I want you to think about the following question:
Is it better to prevent a bad incident from happening, even if the prevention success rate is less than 100%, or should you instead prepare a mitigation plan to limit any negative effects a bad incident may inflict?
This very question is being debated every day by IT security teams worldwide insofar as the best way to protect their organization’s data. With that said, most of us grapple with this same decision in everyday life. When people purchase brand-new vehicles, do they go out of their way to ensure that no damage happens to them at all? Or do they just invest in the best possible insurance policies so that any and all repairs are covered when accidents and mishaps occur? When you think about it, we are confronted with similar choices between incident prevention and incident mitigation at home, at work and everywhere in between. The correct decision just depends on the person and the situation.
Going back to cybersecurity, just know that businesses ponder this same question when determining the best course of action for protecting their most valuable asset: data. The modern cyber-criminal is always seeking new methods and tactics to steal sensitive data, which is detrimental for any organization – think of the brand damage and negative publicity, costs of remediation and implications for failing to adhere to privacy standards like GDPR, CCPA and HIPAA, just to name a few.

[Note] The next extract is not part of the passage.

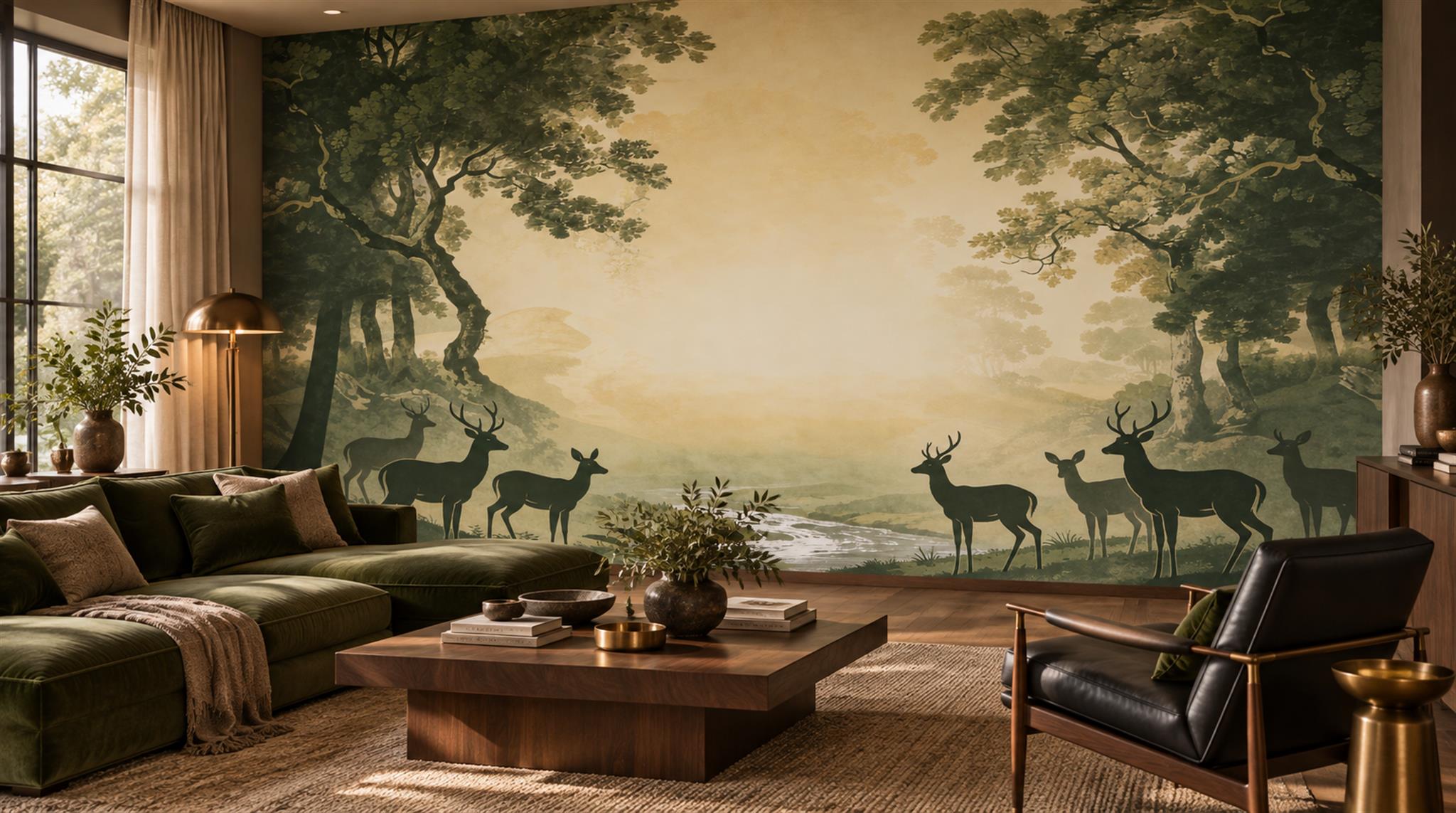 Deer Beneath Framing Trees By A Stream Wallpaper Mural — Wallpaper Mural Design, Peel-and-stick Finish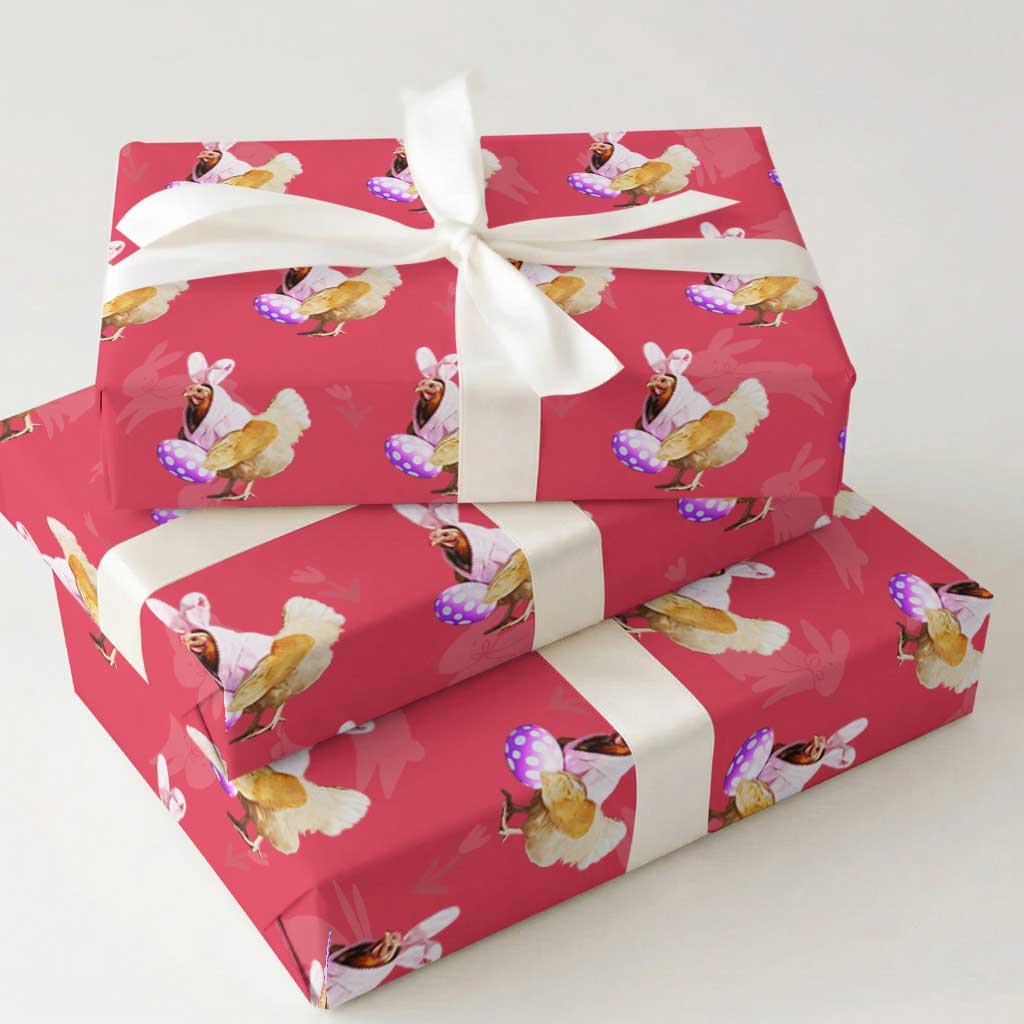 Funny Chicken Bunny Wrapping Paper Roll Happy Easter Eggs Farm TS02 Red Print Your Wear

Because of the sensitive nature of data being collected, governments have enacted guardrails to regulate how organizations use and protect this highly sensitive consumer data.
Compliance is one of the many factors that security professionals must consider when choosing between breach prevention and breach mitigation. What is the best strategy for your business to choose? Do you invest in a variety of tools that try to prevent data breaches from occurring (remember that no 100% foolproof option truly exists, despite what vendors might tell you)? Or, do you go down the route of accepting that a breach is likely to occur at some point and therefore invest in solutions that mitigate a breach, meaning any information that threat actors get their hands on is rendered completely unreadable and thus worthless for their nefarious purposes?

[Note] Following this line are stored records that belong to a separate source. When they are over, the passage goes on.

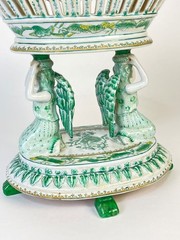 United Wilson Green porcelain double angels footed compote.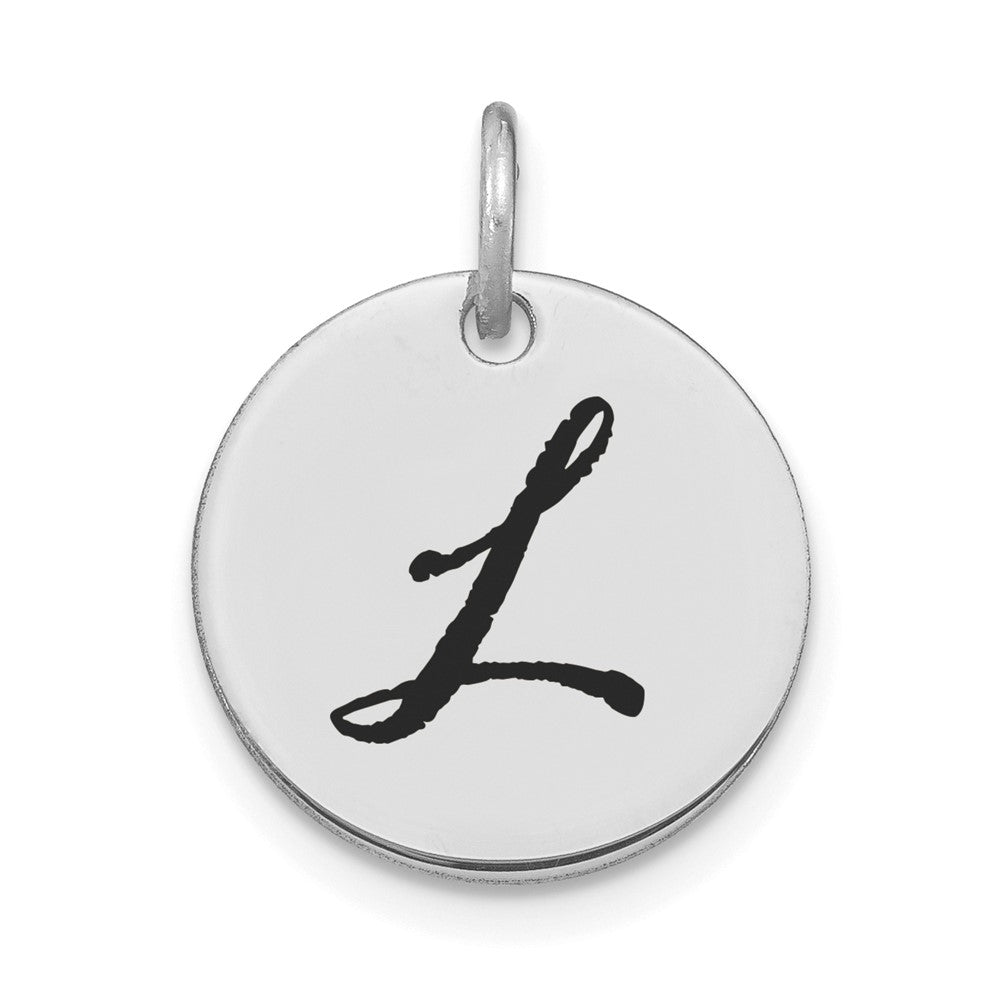 Polished Black Enamel Initial Disk Charms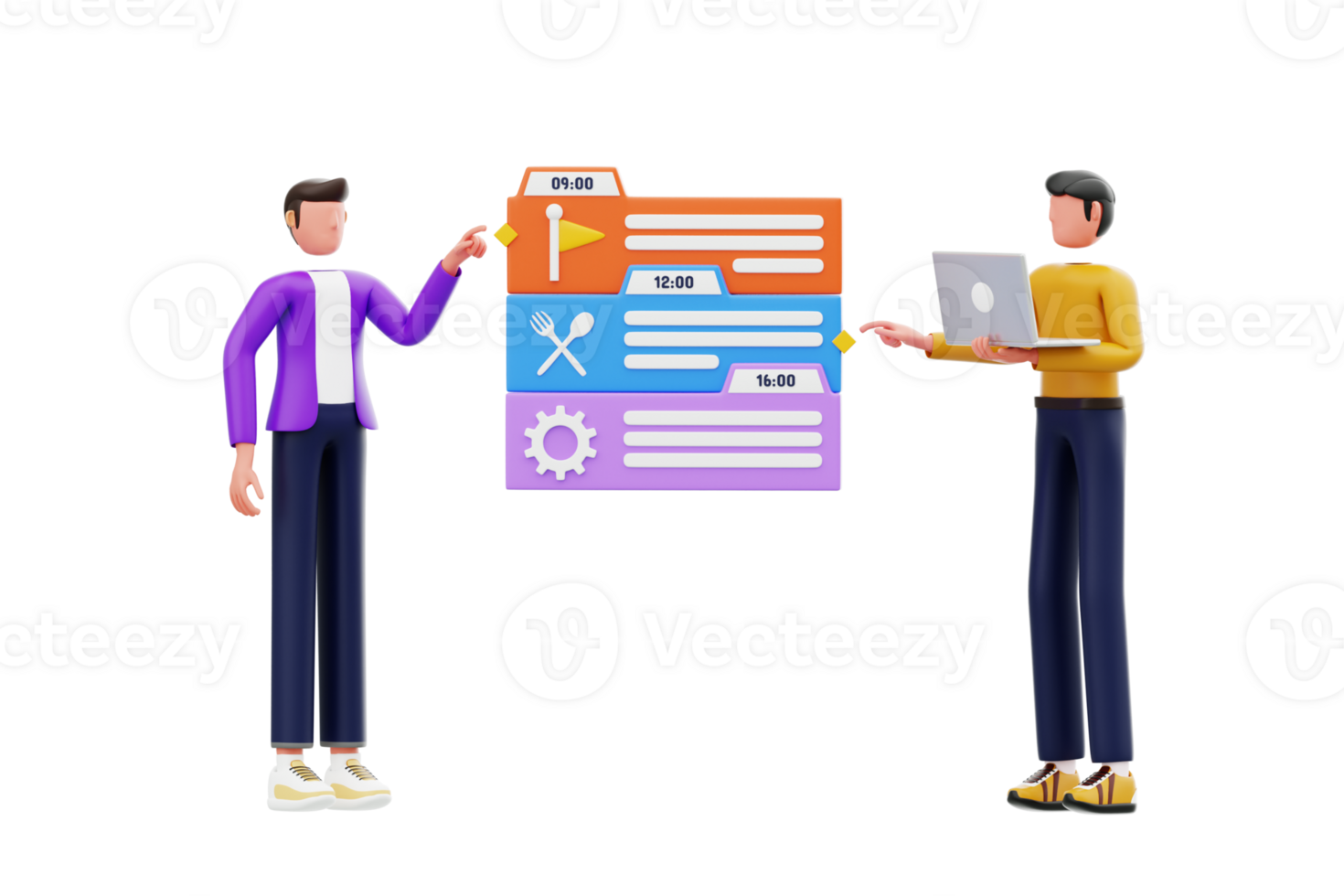 Team is doing schedule management 3d illustration png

"Compliance is one of the many factors that security professionals must consider when choosing between breach prevention and breach mitigation"

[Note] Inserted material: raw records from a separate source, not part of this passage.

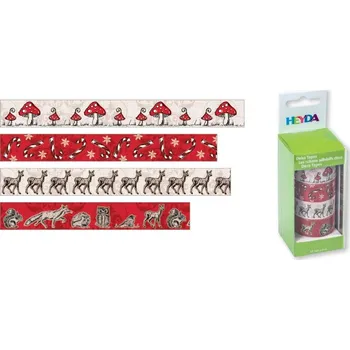 Lepicí páska washi pásky Heyda - sada 4 ks červenobéžové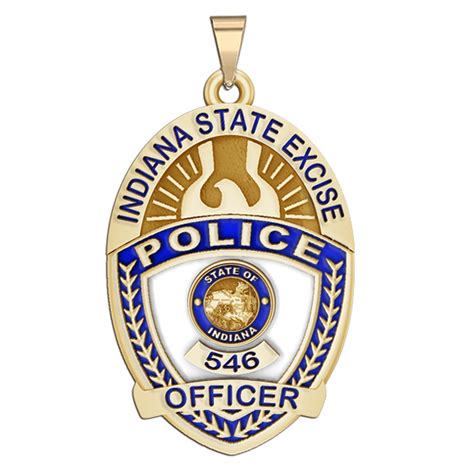 Personalized Indiana State Excise Police Badge with Your Rank and Number - PG101582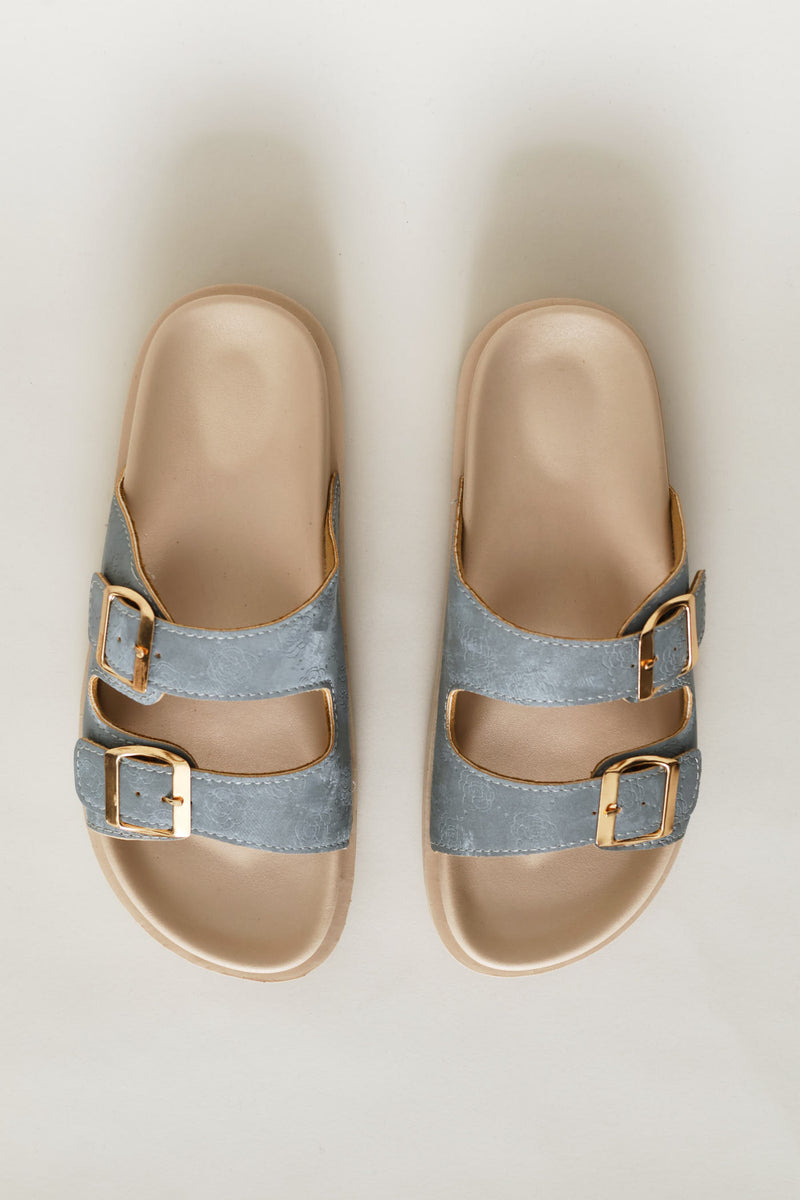 Girls Embossed Upper Health Sandal - Blue
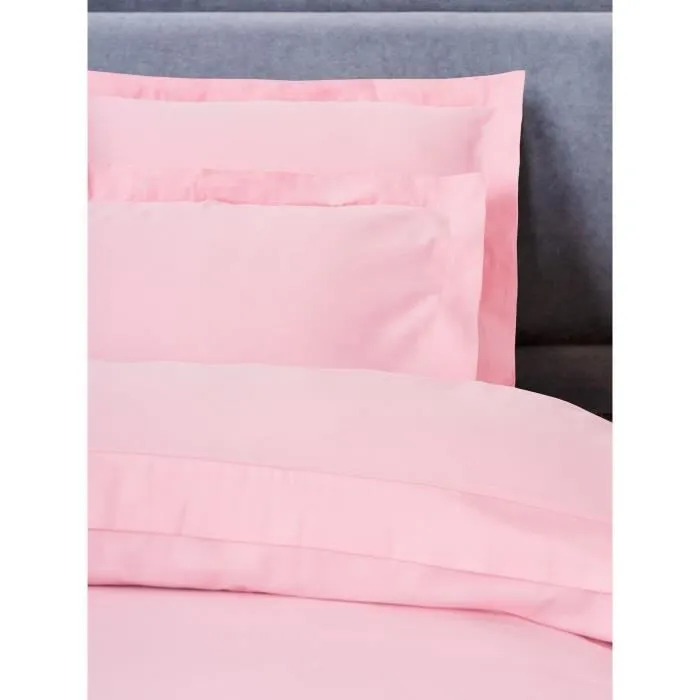 Ensemble de housses de couette et taies d'oreiller en satin de coton 100%, 240 x 220 cm + 2x 60x60 cm, Rose, 210 fils, fermeture bouton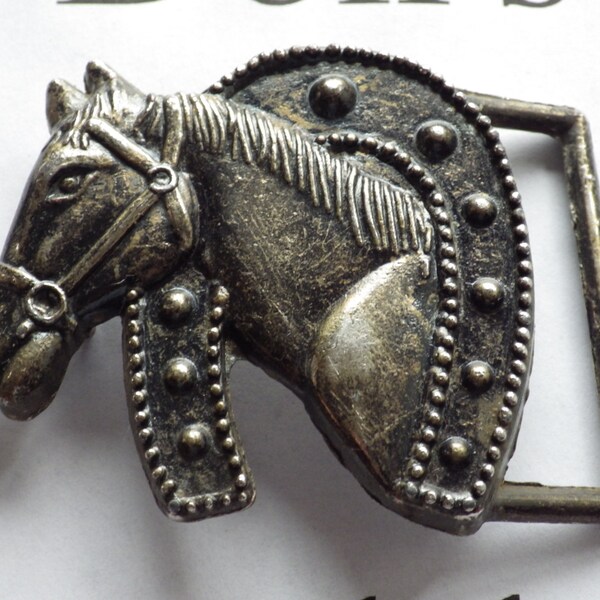Ferro di cavallo intorno a cavallo testa Cowboy occidentale cintura fibbia Vintage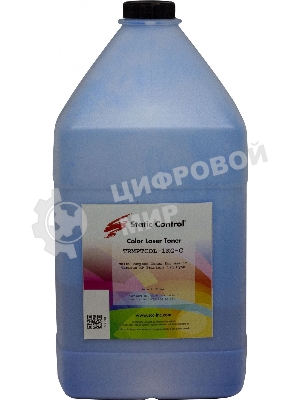 Тонер Static Control TRMPTCOL-1KG-C голубой флакон 1000гр. для принтера HP CLJCP1515/Canon MF8330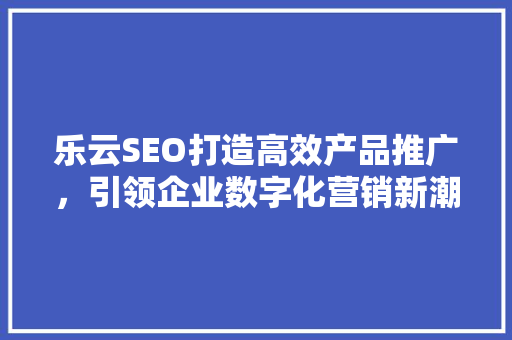 乐云SEO打造高效产品推广，引领企业数字化营销新潮流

Both options – prevention and mitigation – have merit. However, don’t just select one and neglect the other because both should be implemented simultaneously as part of a comprehensive cybersecurity posture. As we have seen over the past two years, the number of attacks has escalated, with organizations suffering from a myriad of threats that have resulted in stolen data, exploited individuals and disrupted supply chains.
To counter these threats, organizations need to enforce a multi-layered defensive strategy for their enterprise data and entire IT infrastructure. Moreover, organizations should adopt the mindset that suffering a successful attack is inevitable and sensitive data within the environment might be accessed. Nevertheless, that data doesn’t have to be comprehensible in any meaningful way. In addition, businesses should embrace a zero trust model in which denying implicit trust to a user or entity simply based on location within the network environment is the default state. Of course, apply breach prevention and monitoring (firewalls, user access management and intrusion detection) but couple these tactics with breach mitigation in the form of data-centric security, which reduces negative consequences and fall-out should a data leak or breach occur. Data-centric security focuses solely on protecting the sensitive data and not the infrastructure that houses it – it obfuscates sensitive data elements so that users can’t get to the sensitive information within.
For example, tokenization is a form of data-centric security that can be utilized as a layer of breach mitigation. By replacing sensitive data with representational tokens, the overall data format remains intact without having the real (and really sensitive) values in plain text. Should a threat actor access the network and find a way to the data in its tokenized state, the information would be meaningless and not of any value on the black market. Therefore the threat of data being exploited is effectively neutralized. Moreover, the business will still be compliant with any data privacy and security regulations. In this type of situation, even if the breach cannot be prevented, at least the harmful fall-out is mitigated.
Data breaches, unfortunately, are accelerating in 2022, and your business could be next. I’m not being alarmist here, just realistic and actually optimistic. Ensure that you have the best and necessary security defenses as a preventative measure and have a breach mitigation option such as data-centric security in place should your data ecosystem become compromised. It might just mean any potential negative disruptions are kept to a minimum, and your business will live to fight another day.